Belgique | Belgique, Cour de cassation, 21 novembre 2019, C.18.0613.N


N° C.18.0613.N
ORANGE BELGIUM, s.a.,
Me Johan Verbist, avocat à la Cour de cassation,
contre
J. V.,
Me Bruno Maes, avocat à la Cour de cassation,
en présence de
RÉGION FLAMANDE,
Me Huguette Geinger, avocat à la Cour de cassation.
I. La procédure devant la Cour
Le pourvoi en cassation est dirigé contre les arrêts rendus les 12 janvier 2017 et 22 mars 2018 par la cour d'appel de Gand.
L'avocat général André Van Ingelgem a déposé des conclusions le 1er octobre 2019.
Le conseiller Geert Jocqué a fait rapport.
L'avocat général André Van In

gelgem a conclu.
II. Les moyens de cassation
Dans la requête en cassation, jointe au présent arrêt en co...

N° C.18.0613.N
ORANGE BELGIUM, s.a.,
Me Johan Verbist, avocat à la Cour de cassation,
contre
J. V.,
Me Bruno Maes, avocat à la Cour de cassation,
en présence de
RÉGION FLAMANDE,
Me Huguette Geinger, avocat à la Cour de cassation.
I. La procédure devant la Cour
Le pourvoi en cassation est dirigé contre les arrêts rendus les 12 janvier 2017 et 22 mars 2018 par la cour d'appel de Gand.

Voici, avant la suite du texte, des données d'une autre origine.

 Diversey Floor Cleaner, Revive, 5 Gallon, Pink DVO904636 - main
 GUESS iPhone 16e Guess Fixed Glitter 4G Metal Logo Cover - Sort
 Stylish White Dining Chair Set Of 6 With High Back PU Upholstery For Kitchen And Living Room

L'avocat général André Van Ingelgem a déposé des conclusions le 1er octobre 2019.
Le conseiller Geert Jocqué a fait rapport.

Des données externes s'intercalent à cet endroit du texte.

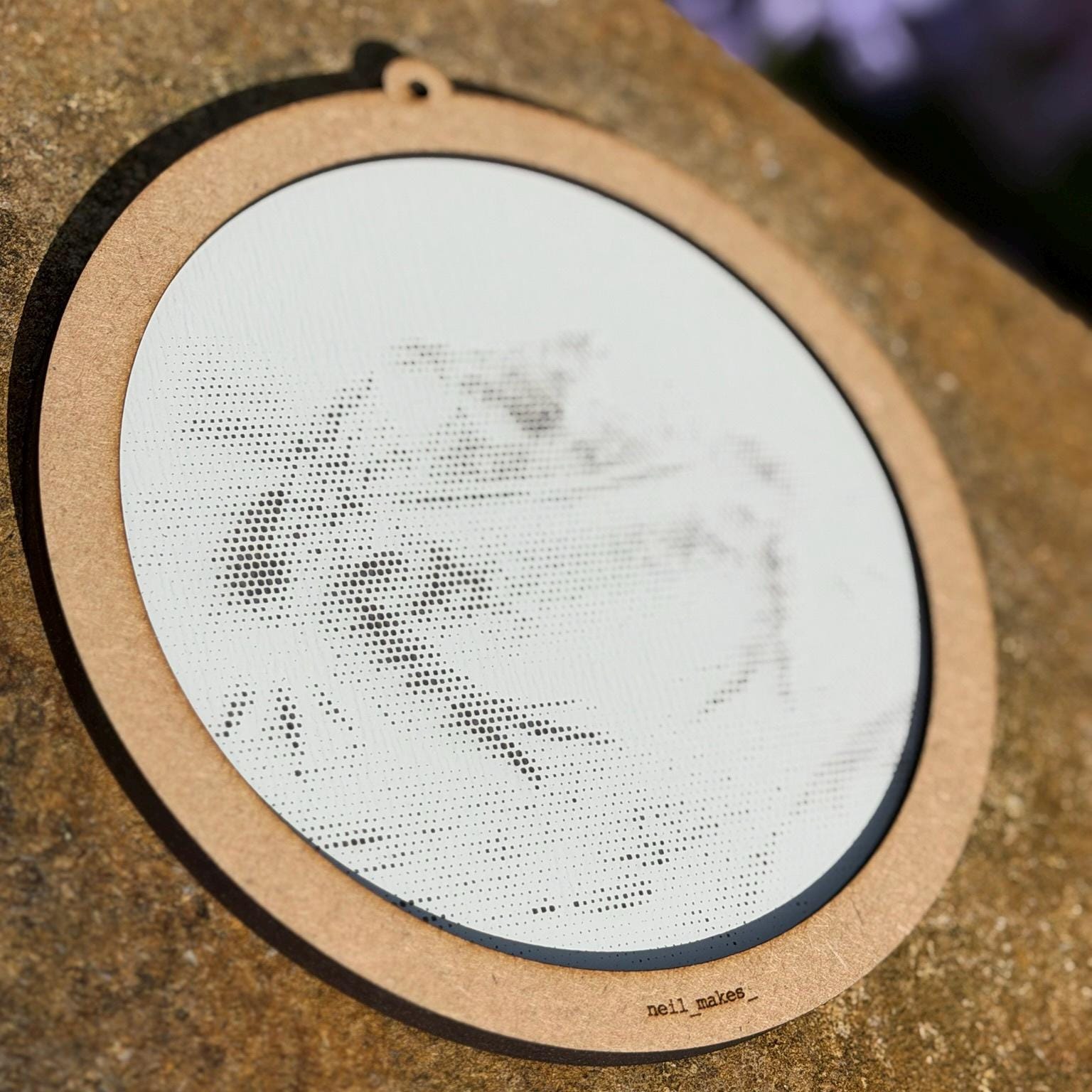 Toad Stipple Art Window Hanging, Modern Walnut & Mirrored Glass Suncatcher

L'avocat général André Van Ingelgem a conclu.
II. Les moyens de cassation
Dans la requête en cassation, jointe au présent arrêt en copie certifiée conforme, la demanderesse présente quatre moyens.

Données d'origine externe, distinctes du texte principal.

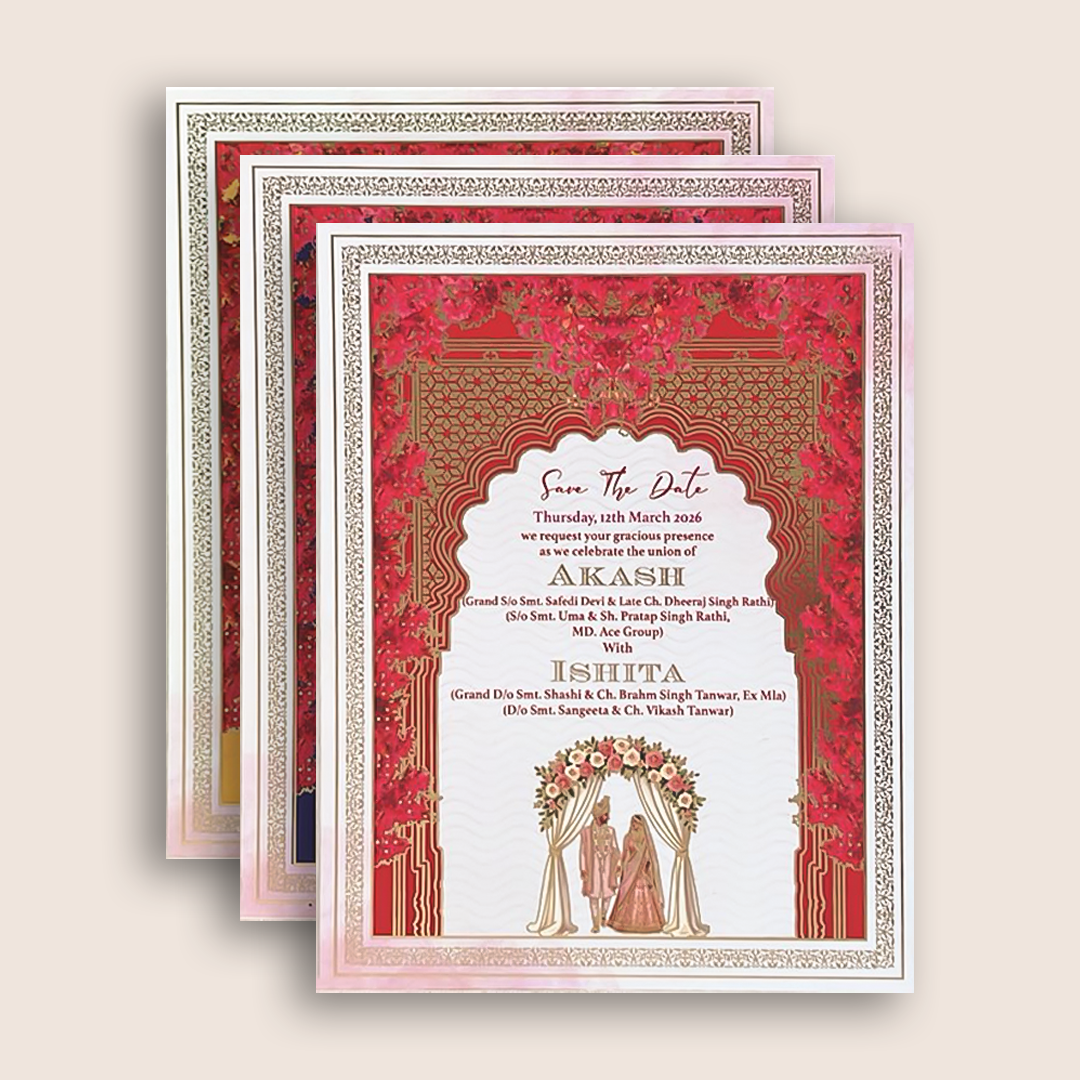 White Royal Floral Arch Premium Luxury Invitation - KNLW202567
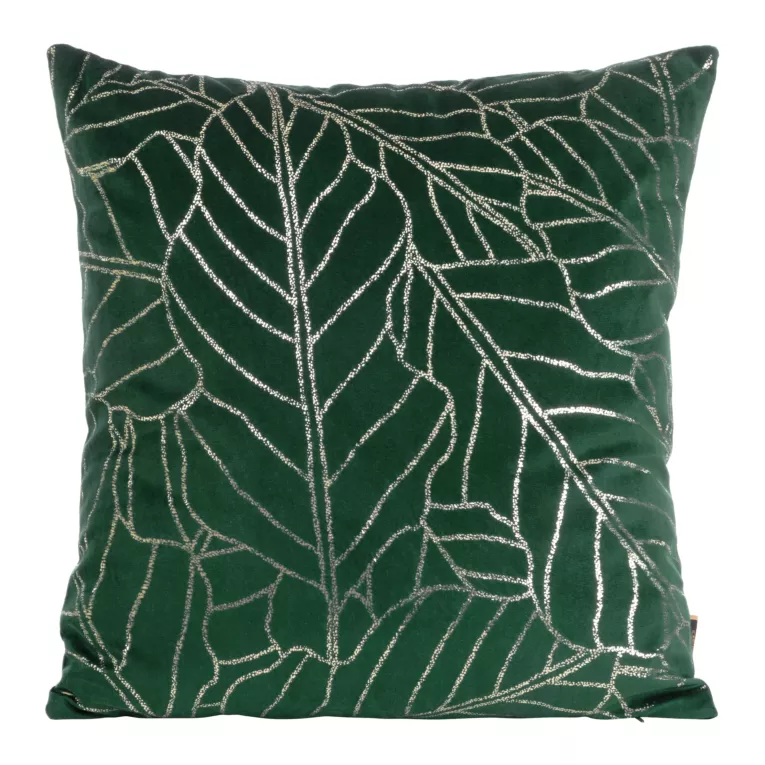 Poszewka na poduszkę 45x45 cm welwetowa ciemnozielona z nadrukiem błyszczących liści BLINK 32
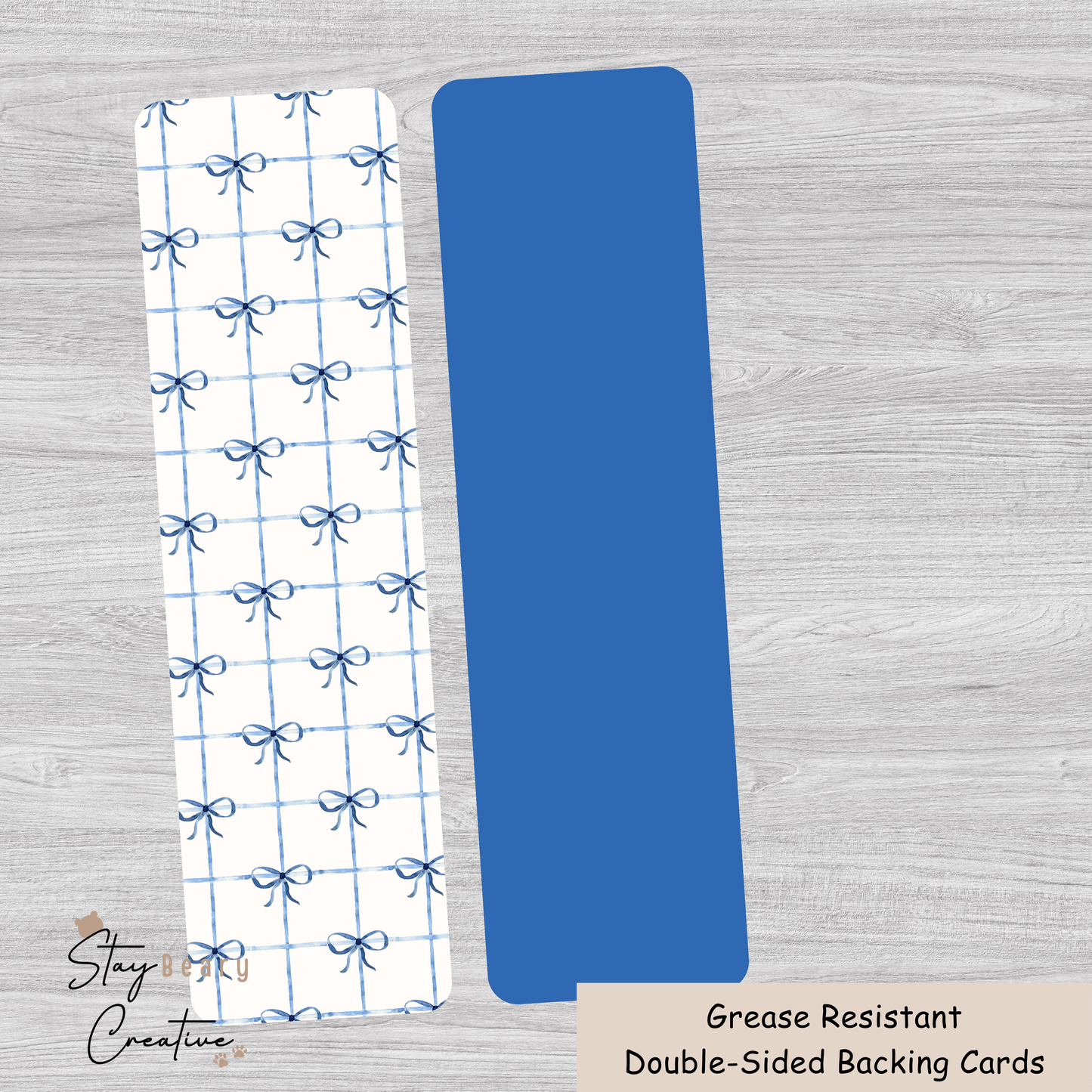 [Reprints] Blue Bows - Double Sided Designs - Long Backing Cards - 25 Pack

III. La décision de la Cour
Sur l'ensemble du premier moyen :
1. Contrairement à ce que le moyen suppose en ses deux branches, dans l'arrêt interlocutoire du 12 janvier 2017, par lequel ils ont considéré que le permis d'urbanisme du 5 septembre 2006 est illégal et ne doit pas être appliqué entre les parties, les juges d'appel n'ont pas constaté que la demanderesse a commis une faute extracontractuelle qui lui est imputable en érigeant un pylône GSM sans disposer à cet effet d'une autorisation légale.
Le moyen, qui se fonde sur une lecture erronée de l'arrêt du 12 janvier 2017, manque en fait.
Sur le deuxième moyen :
2. Il n'est pas contradictoire de décider, d'une part, qu'au motif que son fondement juridique n'était pas clair dans l'arrêt interlocutoire du 12 janvier 2017, il n'a pas encore été statué sur la faute de la demanderesse, d'autre part, que la matérialité de la faute de la demanderesse, consistant en l'installation d'un pylône GSM sans disposer à cet effet d'une autorisation légale, a déjà été constatée dans ledit arrêt interlocutoire.
Le moyen manque en fait.
Sur le troisième moyen :
Quant à la première branche :
3. Il ressort des pièces auxquelles la Cour peut avoir égard que, dans ses « Conclusions de synthèse après l'arrêt interlocutoire du 12 janvier 2017 », la demanderesse a soutenu que l'allégation du défendeur, selon laquelle la demanderesse aurait commis une faute en érigeant en son temps le pylône de diffusion sur la base d'un permis dont l'application a été écartée bien des années plus tard en vertu de l'article 159 de la Constitution, n'est pas exacte à défaut d'effet rétroactif.
4. Par la considération que la demanderesse ne peut se prévaloir à l'égard du défendeur d'un permis valable du fait que son application a déjà été écartée par l'arrêt interlocutoire du 12 janvier 2017, les juges d'appel ont répondu, en la rejetant, à la défense susmentionnée de la demanderesse.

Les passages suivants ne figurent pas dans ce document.